2 Useful in finance and banking systems for currency conversion.
Test Yourself
Q1- Explain the working of the Coin Change algorithm in a greedy approach.
The Coin Change algorithm in a greedy approach involves starting with the highest coin denomination and iteratively selecting the maximum number of coins of that denomination that can be used without exceeding the given amount. This process continues with lower denominations until the amount is completely covered or no more denominations can be used.
Q2- In what real-world scenarios is the Coin Change algorithm not suitable?
The greedy approach may not be suitable when the coin system lacks a well-defined pattern, or when specific denominations are missing, leading to suboptimal solutions.
Q3- How can coin denominations be designed to ensure the greedy approach works optimally?
Coin denominations should be carefully designed so that one denomination is a multiple of the lower consecutive denominations.

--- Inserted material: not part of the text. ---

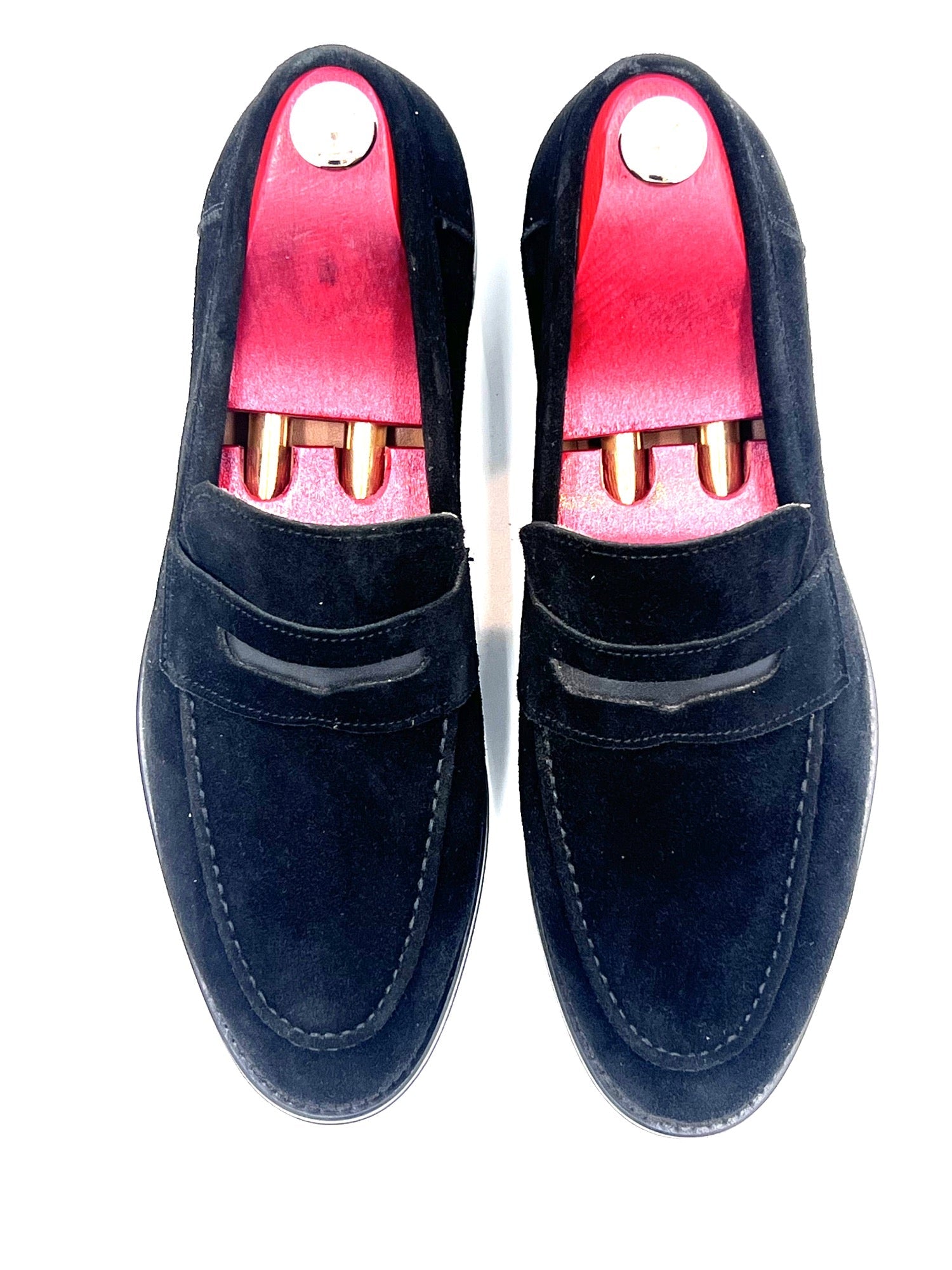 Oscar William Black Suede Penny Loafers – Leather Sole / Leather Lining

This ensures the greedy approach works optimally.
Q4- What is the space complexity of the Coin Change algorithm?
The space complexity is O(1) because it requires a constant amount of memory, regardless of the input size.
Q5- What is the time complexity of the greedy Coin Change algorithm?
1. O(1)
2. O(n)
3. O(log n)
4. O(n^2)
Ans – (2)
Explanation – The greedy Coin Change algorithm has a time complexity of O(n), where n is the number of available coin denominations
Q6- What is the primary objective of the Coin Change algorithm in a greedy approach?

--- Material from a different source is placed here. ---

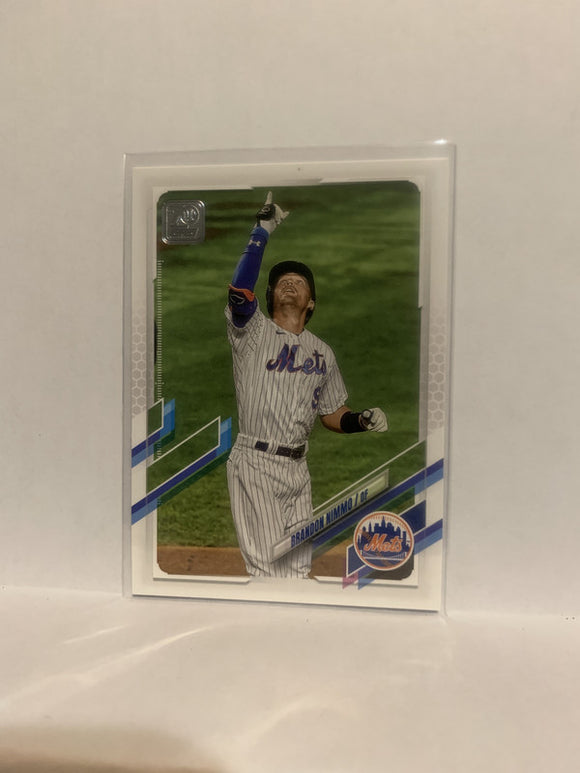 #106 Brandon Nimmo New York Mets 2021 Topps Series One Baseball Card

1. To find the maximum number of coins needed
2. To minimize the number of coins needed
3. To maximize the value of coins used
4. To find the minimum amount of change possible
Ans – (2)
Explanation – To minimize the number of coins needed
Q7- How can coin denominations be designed to ensure the greedy approach works optimally?
1. By making each denomination completely independent of the others
2. By ensuring each denomination is a multiple of the lower consecutive denominations
3. By using prime numbers as denominations.

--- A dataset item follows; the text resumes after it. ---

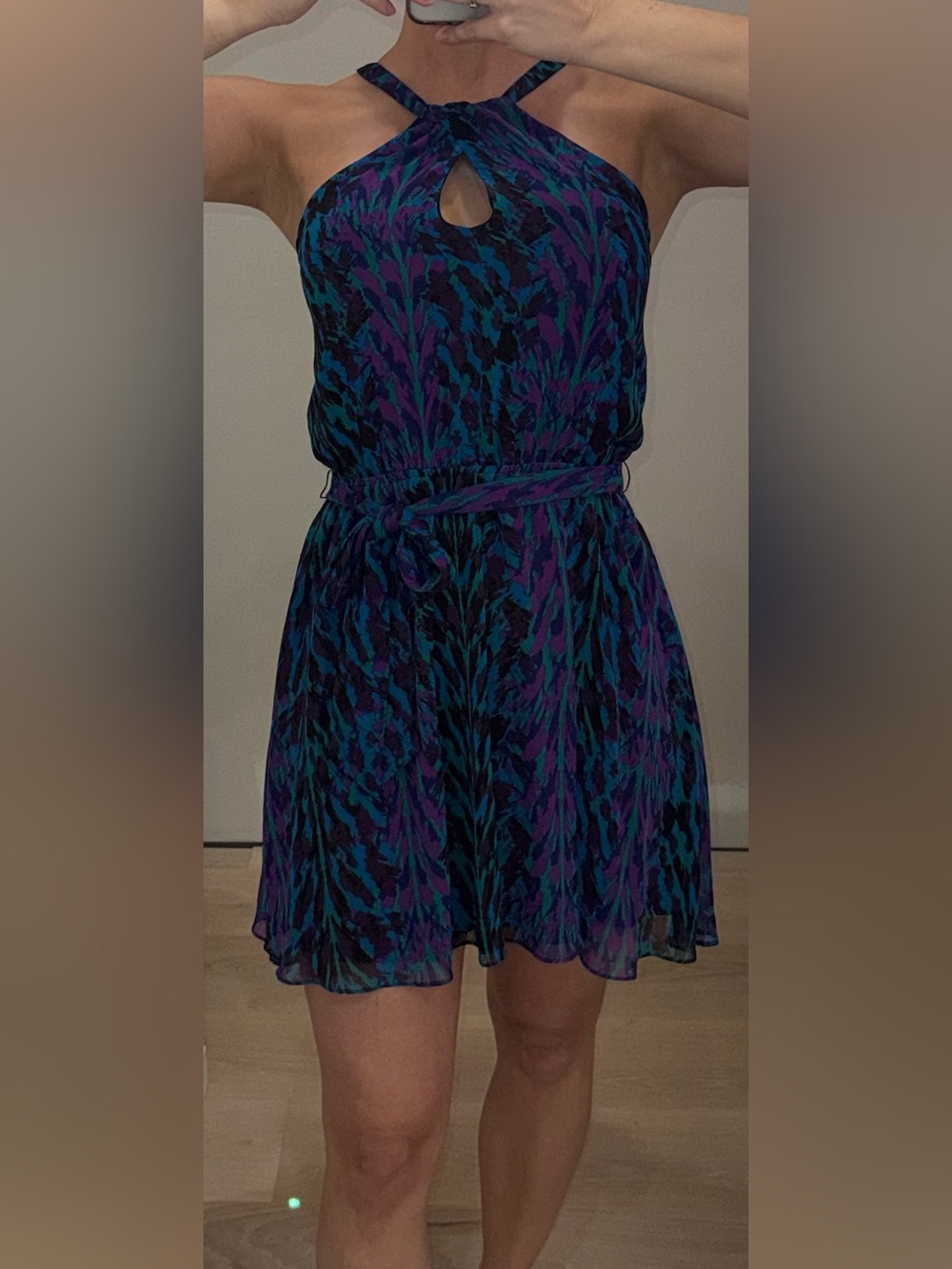Express XS Sleeveless A-Line Halter Dress in Blue & Purple with Buttons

4. By randomly selecting denominations
Ans – (2)
Explanation – By ensuring each denomination is a multiple of the lower consecutive denominations
Q8- You are given infinite coins of denominations v1, v2, v3,…..,vn and a sum S. The coin change problem is to find the minimum number of coins required to get the sum S. This problem can be solved using ____________
1. Greedy algorithm
2. Dynamic programming
3. Divide and conquer
4. Backtracking
Ans – (2)
Explanation – The coin change problem has overlapping subproblems (the same subproblems are solved numerous times) and optimum subproblems (the solution to the problem can be obtained by finding optimal solutions to the subproblems). Thus, dynamic programming can be utilized to address the coin change problem.
Q9- Suppose you have coins of denominations 1, 3 and 4. You use a greedy algorithm, in which you choose the largest denomination coin which is not greater than the remaining sum. For which of the following sums, will the algorithm produce an optimal answer?
1. 14
2. 10
3. 6
4. 100
Ans – (4)
Explanation – The greedy algorithm will choose three coins, {4, 1, 1}, to add up to 6. Nevertheless, two coins {3, 3} is the best response.
In the same way, four coins, {4, 4, 1, 1}, will be chosen in order to add up to 10. However, three coins {4, 3, 3} is the best response.
In addition, five coins {4, 4, 4, 1, 1} will be chosen to add up to 14. That being said, four coins {4, 4, 3, 3} is the best response.
Twenty-five coins {all 4’s} will be chosen for a total of 100, and this number is the optimized response.
Q10- You are given infinite coins of denominations 5, 7, 9. Which of the following sum CANNOT be achieved using these coins?
1. 50
2. 12
3. 13
4. 16
Ans – (3)
Explanation – One way to achieve a sum of 50 is to use ten coins of 5.
A sum of 12 can be achieved by using two coins of 7 and 5.
One way to achieve a sum of 16 is to use one coins of 7 and one coin of 9.
A sum of 13 cannot be achieved.